La cucina del Risorto

By L'Apostolo

Del Risorto, non del Risotto, e neanche del Risolto. Proprio la sua, del Risorto, e se sapeva camminare sulle acque, ridare la vista i ciechi e resuscitare i morti figuriamoci se quel Santo uomo non sapeva cucinare. A dircelo stamattina all'orario delle Lodi in Convento un Sacerdote è venuto a noi in video con un impeccabile completo scuro di convenienza, e dagli schermi di Rai Uno ha introdotto un argomento pieno di contenuti finalmente concreti.

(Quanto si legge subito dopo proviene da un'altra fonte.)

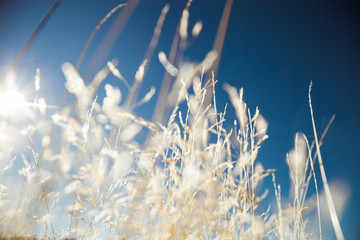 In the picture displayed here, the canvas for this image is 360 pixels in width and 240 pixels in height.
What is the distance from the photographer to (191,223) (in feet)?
2.54

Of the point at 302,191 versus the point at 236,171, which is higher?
the point at 236,171

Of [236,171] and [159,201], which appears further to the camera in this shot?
[236,171]

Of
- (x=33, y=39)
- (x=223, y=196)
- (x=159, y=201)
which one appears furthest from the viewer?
(x=223, y=196)

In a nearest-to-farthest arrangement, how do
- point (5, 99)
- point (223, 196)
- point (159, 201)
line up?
point (159, 201) → point (223, 196) → point (5, 99)

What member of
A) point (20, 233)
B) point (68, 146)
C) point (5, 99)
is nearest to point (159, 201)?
point (68, 146)

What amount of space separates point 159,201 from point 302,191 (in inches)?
27.4

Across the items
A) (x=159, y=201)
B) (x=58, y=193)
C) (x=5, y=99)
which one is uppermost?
(x=5, y=99)

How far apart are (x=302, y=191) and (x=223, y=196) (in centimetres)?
38

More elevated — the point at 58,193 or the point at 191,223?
the point at 58,193

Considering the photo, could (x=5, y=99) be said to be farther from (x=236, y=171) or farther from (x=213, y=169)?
(x=236, y=171)

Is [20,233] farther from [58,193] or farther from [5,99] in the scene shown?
[5,99]

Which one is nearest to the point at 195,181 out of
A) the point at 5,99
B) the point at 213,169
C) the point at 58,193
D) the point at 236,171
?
the point at 213,169

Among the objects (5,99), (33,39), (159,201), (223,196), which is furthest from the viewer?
(5,99)

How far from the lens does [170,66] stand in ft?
2.93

Secondo il Vangelo, Gesù amava stare a tavola con la gente. Era anche capace di far da mangiare: infatti si presentava come il «buon pastore», colui che dà il «pasto buono». Cosa ci insegna questa caratteristica (quasi ignorata) del Figlio di Dio? Un fatto molto concreto: cucinare non significa soltanto dare del cibo, ma soprattutto prendersi cura di ciascuno secondo i suoi bisogni.Ecco una «chef-teologia» dal sapore delicato, che nutre in profondità quanti hanno fame di senso e di vita.«Lievito e farina, ortaggi e agnello, pesce alla brace, il sale nella pasta...?Gesù sapeva cucinare. Anche in questo era (il) Maestro.»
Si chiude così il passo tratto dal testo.